Exercise objective: Look for the word "Boots" in the records, and copy each line where it appears.

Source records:
════════

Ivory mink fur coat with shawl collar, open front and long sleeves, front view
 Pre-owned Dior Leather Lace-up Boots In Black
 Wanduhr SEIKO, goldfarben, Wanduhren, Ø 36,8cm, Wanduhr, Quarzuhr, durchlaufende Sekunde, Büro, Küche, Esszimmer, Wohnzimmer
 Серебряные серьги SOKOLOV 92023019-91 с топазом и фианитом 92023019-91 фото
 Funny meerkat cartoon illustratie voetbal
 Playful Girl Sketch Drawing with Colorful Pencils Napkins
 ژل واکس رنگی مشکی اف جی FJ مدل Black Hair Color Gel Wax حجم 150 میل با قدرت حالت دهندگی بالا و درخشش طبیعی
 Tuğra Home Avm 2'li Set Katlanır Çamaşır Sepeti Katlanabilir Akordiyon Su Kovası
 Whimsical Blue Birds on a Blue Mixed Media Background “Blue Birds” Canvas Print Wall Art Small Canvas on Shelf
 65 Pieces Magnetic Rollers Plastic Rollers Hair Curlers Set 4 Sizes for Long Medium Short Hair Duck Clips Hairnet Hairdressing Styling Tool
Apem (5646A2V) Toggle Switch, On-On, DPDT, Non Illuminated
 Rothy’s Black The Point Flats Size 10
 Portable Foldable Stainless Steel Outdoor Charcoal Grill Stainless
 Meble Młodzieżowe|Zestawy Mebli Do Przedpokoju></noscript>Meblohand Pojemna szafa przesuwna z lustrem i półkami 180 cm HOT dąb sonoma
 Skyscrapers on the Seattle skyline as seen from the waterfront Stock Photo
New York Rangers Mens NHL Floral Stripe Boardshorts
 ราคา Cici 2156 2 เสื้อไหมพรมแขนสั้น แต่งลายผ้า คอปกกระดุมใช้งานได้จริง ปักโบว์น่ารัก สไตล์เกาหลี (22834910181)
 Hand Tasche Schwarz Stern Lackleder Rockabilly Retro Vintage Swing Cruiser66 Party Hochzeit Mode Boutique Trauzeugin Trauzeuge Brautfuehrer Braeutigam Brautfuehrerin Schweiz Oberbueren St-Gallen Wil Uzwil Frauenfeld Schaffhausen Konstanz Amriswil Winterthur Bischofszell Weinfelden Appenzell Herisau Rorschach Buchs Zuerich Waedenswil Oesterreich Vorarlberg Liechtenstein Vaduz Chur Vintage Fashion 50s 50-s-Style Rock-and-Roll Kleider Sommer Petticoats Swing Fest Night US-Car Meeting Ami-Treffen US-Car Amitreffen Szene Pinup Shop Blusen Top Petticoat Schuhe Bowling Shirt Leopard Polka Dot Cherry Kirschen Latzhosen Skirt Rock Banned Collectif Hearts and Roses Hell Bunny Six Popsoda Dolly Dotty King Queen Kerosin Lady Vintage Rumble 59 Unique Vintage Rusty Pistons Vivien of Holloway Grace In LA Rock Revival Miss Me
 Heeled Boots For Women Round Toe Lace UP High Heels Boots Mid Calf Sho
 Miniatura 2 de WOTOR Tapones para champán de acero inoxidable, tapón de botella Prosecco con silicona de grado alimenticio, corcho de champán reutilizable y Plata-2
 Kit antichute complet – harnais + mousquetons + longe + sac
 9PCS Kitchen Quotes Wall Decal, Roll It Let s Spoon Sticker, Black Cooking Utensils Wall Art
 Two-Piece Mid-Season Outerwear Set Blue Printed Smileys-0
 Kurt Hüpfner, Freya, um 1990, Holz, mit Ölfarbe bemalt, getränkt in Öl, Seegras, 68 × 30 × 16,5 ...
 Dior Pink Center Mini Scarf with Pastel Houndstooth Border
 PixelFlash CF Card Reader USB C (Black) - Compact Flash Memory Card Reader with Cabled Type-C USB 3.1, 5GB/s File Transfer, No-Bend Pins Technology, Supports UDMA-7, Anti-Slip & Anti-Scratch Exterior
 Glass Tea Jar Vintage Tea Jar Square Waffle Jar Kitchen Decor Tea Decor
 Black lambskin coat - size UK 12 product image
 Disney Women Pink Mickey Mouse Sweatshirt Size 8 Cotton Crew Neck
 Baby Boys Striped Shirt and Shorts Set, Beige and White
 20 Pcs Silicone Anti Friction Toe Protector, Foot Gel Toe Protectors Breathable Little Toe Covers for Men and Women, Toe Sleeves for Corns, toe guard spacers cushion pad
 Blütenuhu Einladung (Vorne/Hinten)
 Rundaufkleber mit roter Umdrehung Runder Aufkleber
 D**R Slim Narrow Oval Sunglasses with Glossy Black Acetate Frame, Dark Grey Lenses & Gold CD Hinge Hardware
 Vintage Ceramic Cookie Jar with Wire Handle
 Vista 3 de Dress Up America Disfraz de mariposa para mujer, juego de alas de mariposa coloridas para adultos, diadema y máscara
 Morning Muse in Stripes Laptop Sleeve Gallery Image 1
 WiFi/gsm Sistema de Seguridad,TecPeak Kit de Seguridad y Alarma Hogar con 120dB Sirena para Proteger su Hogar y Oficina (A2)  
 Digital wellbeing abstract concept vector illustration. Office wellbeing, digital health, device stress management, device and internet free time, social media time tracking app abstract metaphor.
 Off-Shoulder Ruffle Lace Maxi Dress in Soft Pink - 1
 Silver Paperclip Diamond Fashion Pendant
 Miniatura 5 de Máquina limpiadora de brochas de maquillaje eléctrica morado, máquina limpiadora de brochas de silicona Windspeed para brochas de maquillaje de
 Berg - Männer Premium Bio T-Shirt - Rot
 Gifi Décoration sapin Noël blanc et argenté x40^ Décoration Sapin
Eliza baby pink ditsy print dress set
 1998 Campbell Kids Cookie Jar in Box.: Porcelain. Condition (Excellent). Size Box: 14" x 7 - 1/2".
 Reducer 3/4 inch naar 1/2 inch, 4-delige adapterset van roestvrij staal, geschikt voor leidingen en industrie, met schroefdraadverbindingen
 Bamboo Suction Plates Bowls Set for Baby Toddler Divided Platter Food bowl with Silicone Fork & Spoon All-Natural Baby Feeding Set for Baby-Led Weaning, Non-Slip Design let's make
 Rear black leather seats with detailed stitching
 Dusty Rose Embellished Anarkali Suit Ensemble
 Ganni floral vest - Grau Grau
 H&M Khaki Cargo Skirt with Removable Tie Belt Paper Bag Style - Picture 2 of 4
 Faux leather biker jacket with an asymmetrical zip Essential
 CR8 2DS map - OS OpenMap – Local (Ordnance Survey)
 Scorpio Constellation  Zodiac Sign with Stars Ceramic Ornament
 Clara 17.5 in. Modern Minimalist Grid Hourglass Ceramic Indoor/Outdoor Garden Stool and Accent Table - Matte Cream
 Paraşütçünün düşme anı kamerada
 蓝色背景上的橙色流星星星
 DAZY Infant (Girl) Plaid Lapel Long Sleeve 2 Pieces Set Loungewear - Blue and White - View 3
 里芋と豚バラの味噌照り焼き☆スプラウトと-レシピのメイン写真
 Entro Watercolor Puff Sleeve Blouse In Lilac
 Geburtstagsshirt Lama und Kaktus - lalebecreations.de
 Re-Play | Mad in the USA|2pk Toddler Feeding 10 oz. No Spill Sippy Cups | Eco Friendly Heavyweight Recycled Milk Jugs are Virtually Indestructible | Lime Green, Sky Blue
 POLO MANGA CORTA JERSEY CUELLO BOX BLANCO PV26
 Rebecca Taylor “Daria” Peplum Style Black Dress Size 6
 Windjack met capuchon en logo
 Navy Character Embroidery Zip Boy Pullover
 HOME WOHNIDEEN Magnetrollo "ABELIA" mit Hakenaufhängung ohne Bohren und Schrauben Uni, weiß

════════

Solution for this task:
 Pre-owned Dior Leather Lace-up Boots In Black
 Heeled Boots For Women Round Toe Lace UP High Heels Boots Mid Calf Sho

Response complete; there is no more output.